Relevant for the application of the SFDR concept of sustainable investments are also:
- the Commission Delegated Regulation (CDR) 2022/1288 which sets out technical details and specific requirements regarding entity-level principal adverse impact (‘PAI’) disclosures and disclosures in relation to financial products’ promotion of environmental or social characteristics and sustainable investment objectives in pre-contractual documents, on websites and in periodic reports (Article 59, point (e)(ii)); and
- the consolidated Q&A document, which puts together responses from the Commission on questions that require interpretation of Union Law and responses from the European Supervisory Authorities on matters relating to the practical application of the SFDR (Consolidated questions and answers on the SFDR and the CDR 2022/1288).
The SFDR foresees specific transparency requirements for two types of financial products:
- financial products that promote environmental or social characteristics provided that the companies in which the investments are made follow good governance practices (these are the products disclosing under Article 8 SFDR - so-called light green products); and
- financial products that have sustainable investment as their objective (these are the products disclosing under Article 9 SFDR - so-called dark green products).
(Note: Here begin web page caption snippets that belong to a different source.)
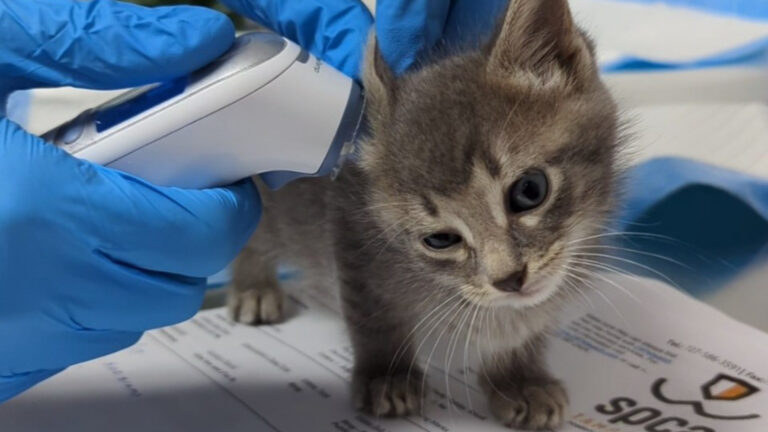 A kitten with a human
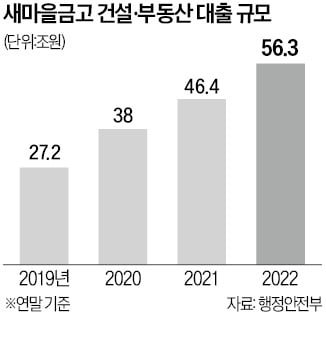 새마을금고 건설·부동산 대출, 전체의 50% 이하로 유지해야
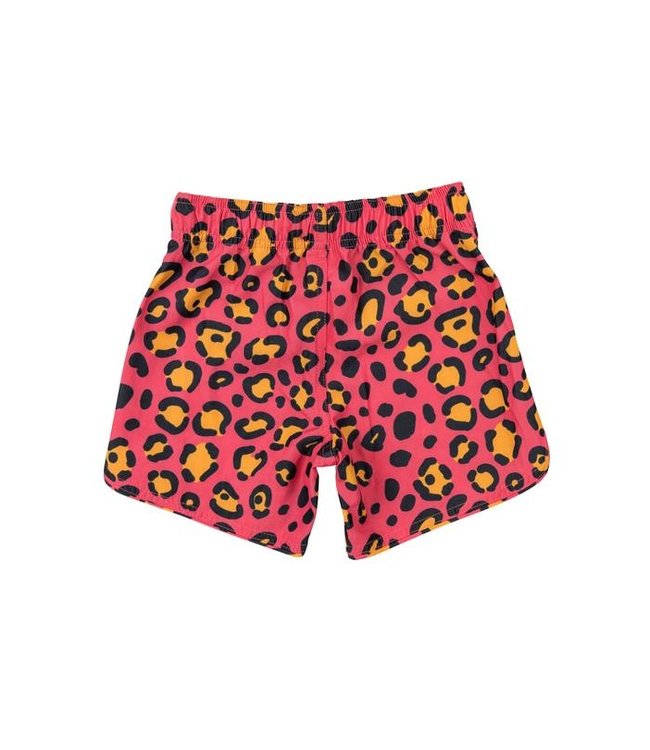 SEAESTA SURF CALICO CRAB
Comparison of the concepts of sustainable investments under SFDR and Taxonomy environmentally sustainable activities
Both the SFDR and the Taxonomy Regulation introduce key concepts to the sustainable finance framework. Notably, they introduce definitions of ‘sustainable investment’ (SFDR) and ‘environmentally sustainable’ economic activities (Taxonomy).
Both definitions require, inter alia, a contribution to a sustainable objective and a do no significant harm (DNSH) test. But while these definitions are similar, there are differences between them which could create practical challenges for market participants.
It is noteworthy, the definition of sustainable investments in Article 2(17) SFDR includes both environmental and social objectives, while the Taxonomy Regulation is only limited to environmental objectives.
Environmentally sustainable investments may be taxonomy-aligned or not.
The Taxonomy Regulation imposes a requirement for financial and non-financial undertakings to report on how and to what extent their activities are associated with economic activities that qualify as environmentally sustainable.
Under the Taxonomy Regulation framework the assessment of environmental sustainability is carried out at the economic activity level.
Non-financial undertakings are required to disclose the extent, to which their Key Performance Indicators (KPIs): turnover, CapEx and OpEx are associated with economic activities that qualify as environmentally sustainable.
The relevant disclosures provide information for all economic activities that are ‘taxonomy-eligible’ (i.e. economic activities for which Technical Screening Criteria (TSC) have been developed) and distinguish between those activities that are ‘taxonomy-aligned (i.e. environmentally sustainable) and those that are not. The disclosures also provide aggregated information on Taxonomy non-eligible economic activities (i.e. activities for which relevant TSC are not yet in place).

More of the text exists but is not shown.